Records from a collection
::::

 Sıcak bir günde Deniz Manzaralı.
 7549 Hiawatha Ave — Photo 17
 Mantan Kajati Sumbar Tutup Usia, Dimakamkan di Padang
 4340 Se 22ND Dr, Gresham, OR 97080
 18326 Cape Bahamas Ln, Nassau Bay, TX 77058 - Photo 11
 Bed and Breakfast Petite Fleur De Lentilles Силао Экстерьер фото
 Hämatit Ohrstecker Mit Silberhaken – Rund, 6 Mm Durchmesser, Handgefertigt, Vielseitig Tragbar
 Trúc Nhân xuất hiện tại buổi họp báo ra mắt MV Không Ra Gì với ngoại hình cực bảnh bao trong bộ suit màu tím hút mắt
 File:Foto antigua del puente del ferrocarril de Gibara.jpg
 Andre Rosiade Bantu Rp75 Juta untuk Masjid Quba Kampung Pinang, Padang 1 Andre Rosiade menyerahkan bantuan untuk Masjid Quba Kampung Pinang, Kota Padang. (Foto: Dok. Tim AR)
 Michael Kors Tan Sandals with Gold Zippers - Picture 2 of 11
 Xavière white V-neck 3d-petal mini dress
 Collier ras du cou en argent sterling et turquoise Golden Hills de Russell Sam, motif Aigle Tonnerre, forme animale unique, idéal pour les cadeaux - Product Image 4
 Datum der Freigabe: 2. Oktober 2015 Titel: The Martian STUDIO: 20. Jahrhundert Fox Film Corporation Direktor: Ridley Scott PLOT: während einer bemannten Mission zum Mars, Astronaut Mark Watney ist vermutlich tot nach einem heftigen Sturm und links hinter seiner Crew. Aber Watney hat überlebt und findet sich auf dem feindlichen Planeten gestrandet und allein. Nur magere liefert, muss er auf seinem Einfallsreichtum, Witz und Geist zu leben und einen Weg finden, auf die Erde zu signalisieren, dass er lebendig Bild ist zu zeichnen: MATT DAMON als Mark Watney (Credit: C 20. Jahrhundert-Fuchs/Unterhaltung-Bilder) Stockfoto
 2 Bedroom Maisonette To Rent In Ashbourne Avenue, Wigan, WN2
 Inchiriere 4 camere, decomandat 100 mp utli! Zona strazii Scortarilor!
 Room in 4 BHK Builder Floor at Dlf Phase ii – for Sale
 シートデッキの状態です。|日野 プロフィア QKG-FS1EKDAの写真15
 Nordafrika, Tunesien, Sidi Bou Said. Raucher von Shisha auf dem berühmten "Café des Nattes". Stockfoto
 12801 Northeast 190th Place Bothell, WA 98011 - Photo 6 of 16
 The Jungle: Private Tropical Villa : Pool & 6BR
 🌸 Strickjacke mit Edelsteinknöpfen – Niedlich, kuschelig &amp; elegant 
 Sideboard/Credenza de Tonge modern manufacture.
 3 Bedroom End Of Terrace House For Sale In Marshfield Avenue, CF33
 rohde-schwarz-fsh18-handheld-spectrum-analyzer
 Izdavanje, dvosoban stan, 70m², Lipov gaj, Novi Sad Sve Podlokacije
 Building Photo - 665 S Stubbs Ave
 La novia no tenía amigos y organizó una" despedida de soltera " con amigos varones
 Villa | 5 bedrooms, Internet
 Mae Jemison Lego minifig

::::

• What you need to do: Repeat all entries. Match them exactly.

• Result of the task:
 Sıcak bir günde Deniz Manzaralı.
 7549 Hiawatha Ave — Photo 17
 Mantan Kajati Sumbar Tutup Usia, Dimakamkan di Padang
 4340 Se 22ND Dr, Gresham, OR 97080
 18326 Cape Bahamas Ln, Nassau Bay, TX 77058 - Photo 11
 Bed and Breakfast Petite Fleur De Lentilles Силао Экстерьер фото
 Hämatit Ohrstecker Mit Silberhaken – Rund, 6 Mm Durchmesser, Handgefertigt, Vielseitig Tragbar
 Trúc Nhân xuất hiện tại buổi họp báo ra mắt MV Không Ra Gì với ngoại hình cực bảnh bao trong bộ suit màu tím hút mắt
 File:Foto antigua del puente del ferrocarril de Gibara.jpg
 Andre Rosiade Bantu Rp75 Juta untuk Masjid Quba Kampung Pinang, Padang 1 Andre Rosiade menyerahkan bantuan untuk Masjid Quba Kampung Pinang, Kota Padang. (Foto: Dok. Tim AR)
 Michael Kors Tan Sandals with Gold Zippers - Picture 2 of 11
 Xavière white V-neck 3d-petal mini dress
 Collier ras du cou en argent sterling et turquoise Golden Hills de Russell Sam, motif Aigle Tonnerre, forme animale unique, idéal pour les cadeaux - Product Image 4
 Datum der Freigabe: 2. Oktober 2015 Titel: The Martian STUDIO: 20. Jahrhundert Fox Film Corporation Direktor: Ridley Scott PLOT: während einer bemannten Mission zum Mars, Astronaut Mark Watney ist vermutlich tot nach einem heftigen Sturm und links hinter seiner Crew. Aber Watney hat überlebt und findet sich auf dem feindlichen Planeten gestrandet und allein. Nur magere liefert, muss er auf seinem Einfallsreichtum, Witz und Geist zu leben und einen Weg finden, auf die Erde zu signalisieren, dass er lebendig Bild ist zu zeichnen: MATT DAMON als Mark Watney (Credit: C 20. Jahrhundert-Fuchs/Unterhaltung-Bilder) Stockfoto
 2 Bedroom Maisonette To Rent In Ashbourne Avenue, Wigan, WN2
 Inchiriere 4 camere, decomandat 100 mp utli! Zona strazii Scortarilor!
 Room in 4 BHK Builder Floor at Dlf Phase ii – for Sale
 シートデッキの状態です。|日野 プロフィア QKG-FS1EKDAの写真15
 Nordafrika, Tunesien, Sidi Bou Said. Raucher von Shisha auf dem berühmten "Café des Nattes". Stockfoto
 12801 Northeast 190th Place Bothell, WA 98011 - Photo 6 of 16
 The Jungle: Private Tropical Villa : Pool & 6BR
 🌸 Strickjacke mit Edelsteinknöpfen – Niedlich, kuschelig &amp; elegant 
 Sideboard/Credenza de Tonge modern manufacture.
 3 Bedroom End Of Terrace House For Sale In Marshfield Avenue, CF33
 rohde-schwarz-fsh18-handheld-spectrum-analyzer
 Izdavanje, dvosoban stan, 70m², Lipov gaj, Novi Sad Sve Podlokacije
 Building Photo - 665 S Stubbs Ave
 La novia no tenía amigos y organizó una" despedida de soltera " con amigos varones
 Villa | 5 bedrooms, Internet
 Mae Jemison Lego minifig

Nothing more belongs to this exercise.